# Toeplitz determinants, minimal Toda orbits and isomonodromic tau functions

## Marco Bertola

**Abstract: **

We consider the class of biorthogonal polynomials that are used to solve the
inverse spectral problem associated to elementary co-adjoint orbits of the
Borel group of upper triangular matrices. These orbits are the phase space of
generalized integrable lattices of Toda type.

For two of these minimal orbits the polynomials reduce to the ordinary classes
of (generalized) orthogonal polynomials and Laurent biorthogonal polynomials,
which appear in the solution of the Hermitean and Unitary matrix models.
The polynomials associated to the other orbits naturally interpolate between
the above two cases and tie together the theory of Toda, relativistic Toda,
Ablowitz-Ladik and Volterra lattices.

The 2x2 system of Differential-Difference-Deformation equations
satisfied by the polynomials and second type solutions, as well as
the associated Riemann-Hilbert problem, are analyzed in the most general
setting of pseudomeasures with arbitrary rational logarithmic derivative
supported on curve segments in the complex plane.

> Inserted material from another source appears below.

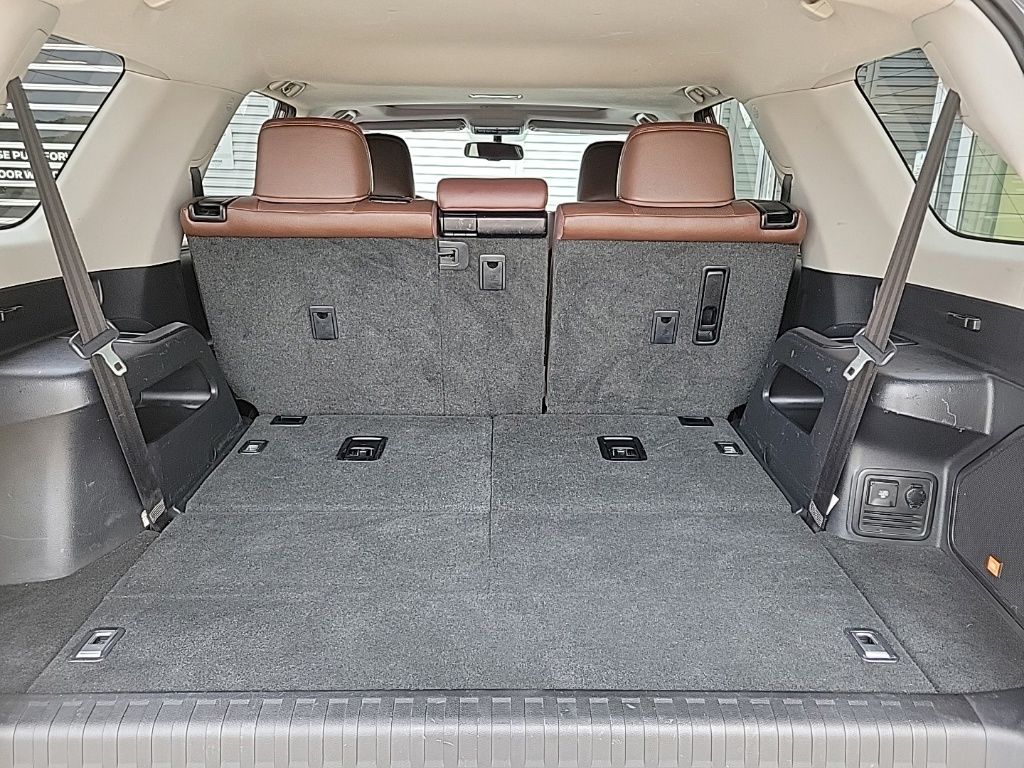 Thumbnail: 2014 Toyota 4Runner - 18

The corresponding
isomonodromic tau function is explicitly related to the shifted Toeplitz (or
Hankel) determinants of the moments of the pseudo-measure. The results imply
that any (shifted) Toeplitz (Hankel) determinant of a symbol (measure) with
arbitrary rational logarithmic derivative is an isomonodromic tau function.

(Based on joint work with M. Gekhtman, extending earlier joint work with
J. Harnad and B. Eynard)